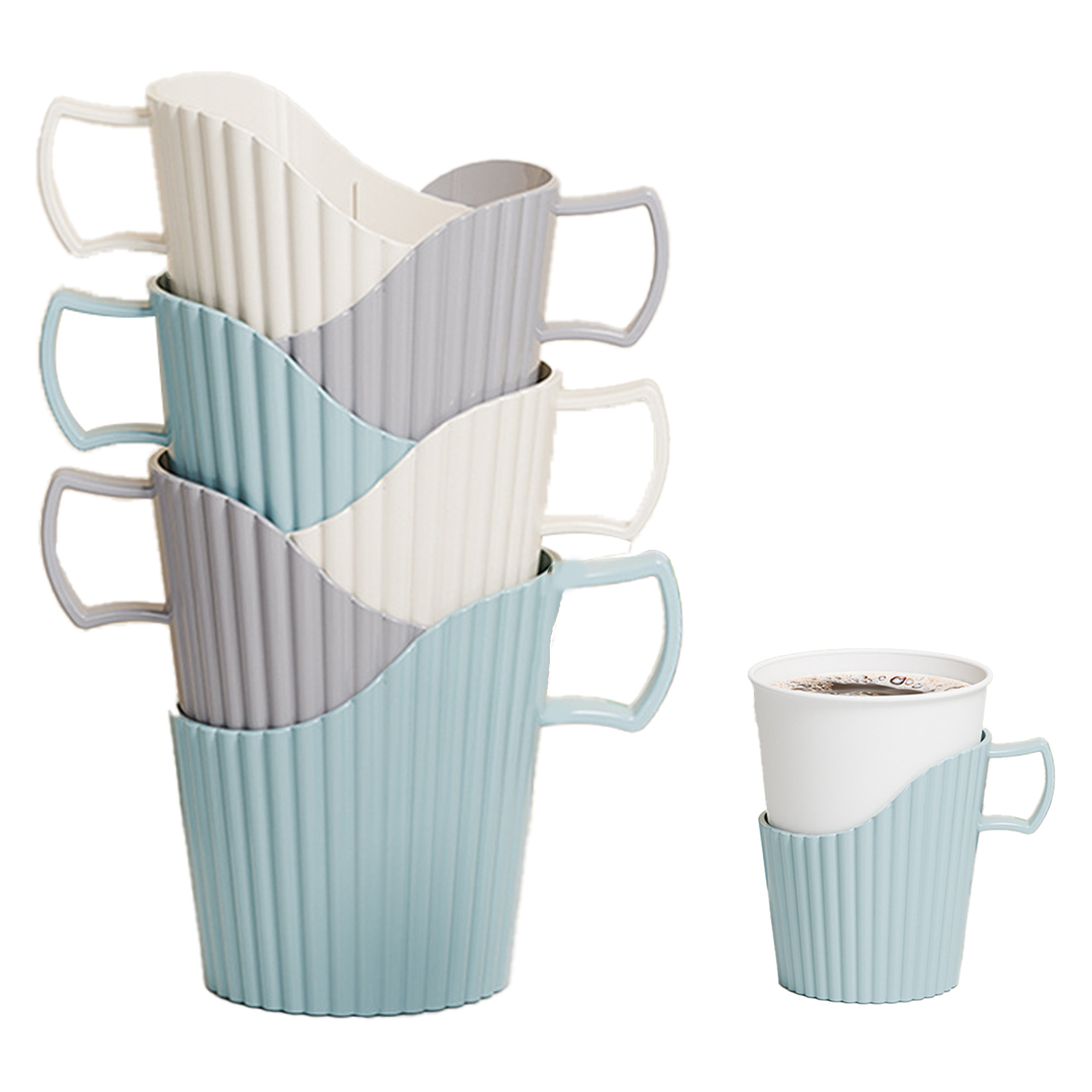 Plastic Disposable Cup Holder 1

□ □ □ □

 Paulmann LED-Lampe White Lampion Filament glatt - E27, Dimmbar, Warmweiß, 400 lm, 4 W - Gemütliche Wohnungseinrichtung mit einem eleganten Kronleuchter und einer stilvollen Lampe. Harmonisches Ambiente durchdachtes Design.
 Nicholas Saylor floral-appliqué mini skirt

□ □ □ □

> _Problem requirements_
Reproduce only the lines above spanning from the line containing "Paulmann LED-Lampe White" through the line containing "Nicholas Saylor floral-appliqué mini skirt", word for word.

> _Task result_
 Paulmann LED-Lampe White Lampion Filament glatt - E27, Dimmbar, Warmweiß, 400 lm, 4 W - Gemütliche Wohnungseinrichtung mit einem eleganten Kronleuchter und einer stilvollen Lampe. Harmonisches Ambiente durchdachtes Design.
 Nicholas Saylor floral-appliqué mini skirt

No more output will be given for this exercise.